Post 9/11, Highest Military Honor Grows Scarce

The highest military award has gone to only five—and all posthumously
By Nick McMaster,  Newser Staff
Posted Mar 26, 2009 12:40 PM CDT
Post 9/11, Highest Military Honor Grows Scarce
Medal Of Honor Ribbon and, from left to right, the Army, Navy, and Air Force medals are shown in this photo from the US Military.   (Wikimedia Commons/US Military)

The wars in Afghanistan and Iraq have produced only five recipients of the Medal of Honor, all of whom died as a result of their heroism, the Military Times reports.
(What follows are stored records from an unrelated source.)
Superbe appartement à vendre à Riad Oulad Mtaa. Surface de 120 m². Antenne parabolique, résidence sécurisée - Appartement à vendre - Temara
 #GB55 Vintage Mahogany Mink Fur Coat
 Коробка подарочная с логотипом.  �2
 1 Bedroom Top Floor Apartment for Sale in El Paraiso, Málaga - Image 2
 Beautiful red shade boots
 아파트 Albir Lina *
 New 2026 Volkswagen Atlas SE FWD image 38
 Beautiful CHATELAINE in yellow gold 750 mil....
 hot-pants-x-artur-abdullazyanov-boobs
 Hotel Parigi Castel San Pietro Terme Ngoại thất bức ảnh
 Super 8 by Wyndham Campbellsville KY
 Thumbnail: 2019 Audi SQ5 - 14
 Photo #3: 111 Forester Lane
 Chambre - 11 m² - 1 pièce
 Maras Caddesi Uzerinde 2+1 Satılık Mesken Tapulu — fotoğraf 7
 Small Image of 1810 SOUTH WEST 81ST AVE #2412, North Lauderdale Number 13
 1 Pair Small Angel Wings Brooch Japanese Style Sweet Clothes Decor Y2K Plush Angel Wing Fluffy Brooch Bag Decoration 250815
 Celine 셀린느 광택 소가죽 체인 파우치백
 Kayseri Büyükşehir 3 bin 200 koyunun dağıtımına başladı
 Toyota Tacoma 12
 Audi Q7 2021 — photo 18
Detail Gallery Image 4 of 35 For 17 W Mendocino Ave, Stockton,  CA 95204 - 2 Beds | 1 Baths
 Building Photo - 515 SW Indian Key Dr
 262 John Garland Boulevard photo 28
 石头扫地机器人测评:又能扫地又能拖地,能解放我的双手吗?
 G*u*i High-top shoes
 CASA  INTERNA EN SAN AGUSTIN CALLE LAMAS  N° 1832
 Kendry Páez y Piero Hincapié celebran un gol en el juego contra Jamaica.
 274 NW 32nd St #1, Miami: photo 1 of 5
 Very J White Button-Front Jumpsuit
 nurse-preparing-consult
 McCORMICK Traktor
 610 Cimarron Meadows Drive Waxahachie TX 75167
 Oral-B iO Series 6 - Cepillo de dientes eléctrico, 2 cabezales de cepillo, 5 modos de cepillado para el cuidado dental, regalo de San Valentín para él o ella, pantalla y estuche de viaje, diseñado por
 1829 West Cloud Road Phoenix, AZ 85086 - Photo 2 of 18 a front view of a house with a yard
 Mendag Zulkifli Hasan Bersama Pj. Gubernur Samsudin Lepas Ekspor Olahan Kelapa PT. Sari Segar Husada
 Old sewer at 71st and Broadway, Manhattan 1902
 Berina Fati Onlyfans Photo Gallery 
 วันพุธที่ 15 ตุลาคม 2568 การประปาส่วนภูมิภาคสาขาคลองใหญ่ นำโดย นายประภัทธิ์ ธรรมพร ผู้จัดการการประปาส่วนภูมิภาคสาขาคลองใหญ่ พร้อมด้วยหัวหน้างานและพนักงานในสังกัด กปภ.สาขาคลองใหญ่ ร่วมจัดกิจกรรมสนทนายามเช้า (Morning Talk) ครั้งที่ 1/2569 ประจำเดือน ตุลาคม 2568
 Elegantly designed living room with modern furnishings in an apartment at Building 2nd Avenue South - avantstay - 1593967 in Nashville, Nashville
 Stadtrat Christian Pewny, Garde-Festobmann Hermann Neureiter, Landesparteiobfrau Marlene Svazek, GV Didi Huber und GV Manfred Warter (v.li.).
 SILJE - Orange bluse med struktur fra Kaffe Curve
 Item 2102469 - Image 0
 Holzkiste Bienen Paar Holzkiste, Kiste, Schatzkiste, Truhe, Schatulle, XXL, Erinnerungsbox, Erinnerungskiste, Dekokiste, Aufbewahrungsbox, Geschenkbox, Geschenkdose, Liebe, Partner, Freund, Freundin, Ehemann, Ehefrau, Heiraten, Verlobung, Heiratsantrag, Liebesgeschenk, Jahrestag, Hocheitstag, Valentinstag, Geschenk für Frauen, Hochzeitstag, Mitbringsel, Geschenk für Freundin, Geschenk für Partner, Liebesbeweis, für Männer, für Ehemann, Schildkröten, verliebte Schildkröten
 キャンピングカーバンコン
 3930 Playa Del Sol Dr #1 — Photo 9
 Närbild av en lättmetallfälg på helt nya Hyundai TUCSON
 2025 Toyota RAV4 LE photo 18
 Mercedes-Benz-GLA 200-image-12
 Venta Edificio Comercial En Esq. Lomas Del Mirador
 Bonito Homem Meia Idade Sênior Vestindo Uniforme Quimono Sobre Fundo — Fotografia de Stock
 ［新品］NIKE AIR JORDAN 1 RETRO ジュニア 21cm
Pentagon stinginess with the highest military honor in the post-9/11 era frustrates service members who say a politicized, stringent, and lengthy review process has denied recognition to some who deserve it.

In the previous century, around two to three Medals of Honor were awarded per 100,000 servicemen. That has dropped to literally one in a million. Some credit the nature of this decade’s wars—“It’s hard to be a hero against an IED,” said a retired Army officer.  But others point to exceptionally narrow criteria and a review process quick to deny awards proposed for non-military reasons. "They decided that the Medal of Honor should go not only to people who are brave, but pure,” said one former Marine.